To begin to address this immunogenicity problem, scientists created “chimeric” antibodies by grafting the variable regions of mouse antibodies onto the constant domains of human antibodies. Chimeric antibodies alleviated some, but not all, of the immunogenicity issues encountered with mouse antibodies. Further humanization was therefore desired. This came through advances in computational approaches which enabled the identification of the specific regions within an antibody that confer binding. Transferring these specific binding regions (i.e., the CDRs) from mouse antibodies into otherwsie human variable regions allowed for the “humanization” of mouse-derived antibodies, resulting in “humanized” antibodies. While humanized antibodies generally do not induce an immune response in most patients, the humanization process is iterative, and therefore very time-consuming.

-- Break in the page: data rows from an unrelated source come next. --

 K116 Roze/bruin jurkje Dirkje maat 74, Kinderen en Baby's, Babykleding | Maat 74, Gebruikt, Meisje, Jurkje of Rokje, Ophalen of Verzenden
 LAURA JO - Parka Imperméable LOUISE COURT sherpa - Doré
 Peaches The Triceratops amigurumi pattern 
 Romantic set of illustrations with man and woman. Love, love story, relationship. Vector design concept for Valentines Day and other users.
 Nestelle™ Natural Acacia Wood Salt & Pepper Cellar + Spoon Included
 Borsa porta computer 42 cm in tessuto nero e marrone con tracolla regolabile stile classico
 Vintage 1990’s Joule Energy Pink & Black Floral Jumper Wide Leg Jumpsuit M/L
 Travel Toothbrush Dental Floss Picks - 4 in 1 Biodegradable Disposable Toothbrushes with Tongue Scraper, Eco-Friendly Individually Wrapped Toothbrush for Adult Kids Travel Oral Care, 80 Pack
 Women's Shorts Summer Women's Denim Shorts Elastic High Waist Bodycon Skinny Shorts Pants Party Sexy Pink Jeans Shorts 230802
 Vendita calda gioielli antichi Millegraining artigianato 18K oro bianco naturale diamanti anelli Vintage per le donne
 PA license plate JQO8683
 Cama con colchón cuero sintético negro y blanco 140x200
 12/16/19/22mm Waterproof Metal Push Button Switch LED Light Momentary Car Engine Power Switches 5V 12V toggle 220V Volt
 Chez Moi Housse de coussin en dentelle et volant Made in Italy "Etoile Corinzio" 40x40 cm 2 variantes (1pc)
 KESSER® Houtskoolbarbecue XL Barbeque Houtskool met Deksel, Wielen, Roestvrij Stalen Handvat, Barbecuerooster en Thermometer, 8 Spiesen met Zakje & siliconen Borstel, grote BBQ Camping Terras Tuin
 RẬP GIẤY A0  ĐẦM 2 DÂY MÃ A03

Recent advances in molecular and computational biology have enabled the de novo creation of antibodies that are, to varying extents, human in nature. Fully human antibodies are generally superior, in terms of both safety and efficacy, when compared to mouse or chimeric antibodies. Adimab’s libraries contain only fully human antibodies. Moreover, Adimab’s proprietary library design strategy is the first to recreate the diversity contained within the natural human pre-immune repertoire by explicitly accounting for the recombination of the human immunoglobulin gene segments (i.e., V, D, and J). The result is a unique antibody library that can be readily screened to identify large numbers of IgGs specific to a particular target, with very broad sequence diversity and epitopic coverage.